>>>

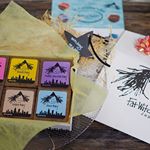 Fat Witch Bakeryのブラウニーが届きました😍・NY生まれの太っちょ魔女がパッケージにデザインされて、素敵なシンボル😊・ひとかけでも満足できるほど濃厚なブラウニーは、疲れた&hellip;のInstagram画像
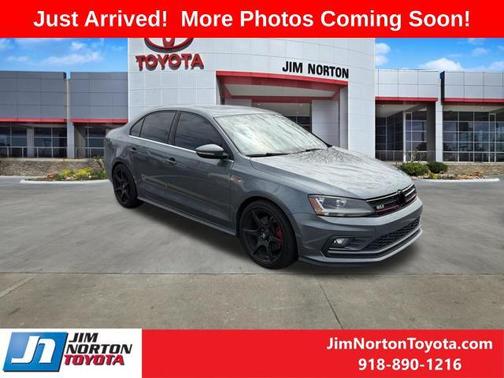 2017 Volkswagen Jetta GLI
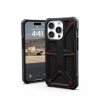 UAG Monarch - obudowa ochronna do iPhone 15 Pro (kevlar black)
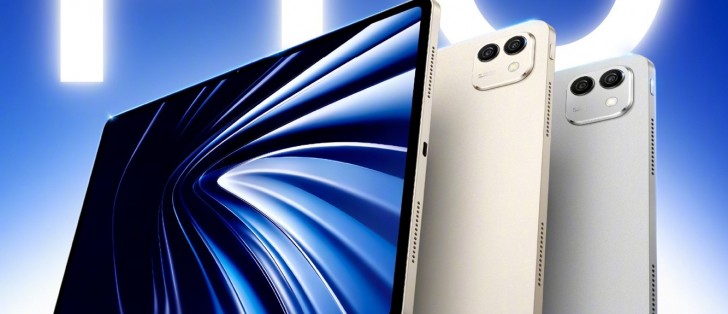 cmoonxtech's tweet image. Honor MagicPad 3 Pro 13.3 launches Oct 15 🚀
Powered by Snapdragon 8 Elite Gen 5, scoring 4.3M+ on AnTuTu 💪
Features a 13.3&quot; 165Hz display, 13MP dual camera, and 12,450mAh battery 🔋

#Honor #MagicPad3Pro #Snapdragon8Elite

<<<

Everything from the line containing "cmoonxtech's tweet image." to the last line of the records above should be reproduced exactly, except the pictures.

 cmoonxtech's tweet image. Honor MagicPad 3 Pro 13.3 launches Oct 15 🚀
Powered by Snapdragon 8 Elite Gen 5, scoring 4.3M+ on AnTuTu 💪
Features a 13.3&quot; 165Hz display, 13MP dual camera, and 12,450mAh battery 🔋

#Honor #MagicPad3Pro #Snapdragon8Elite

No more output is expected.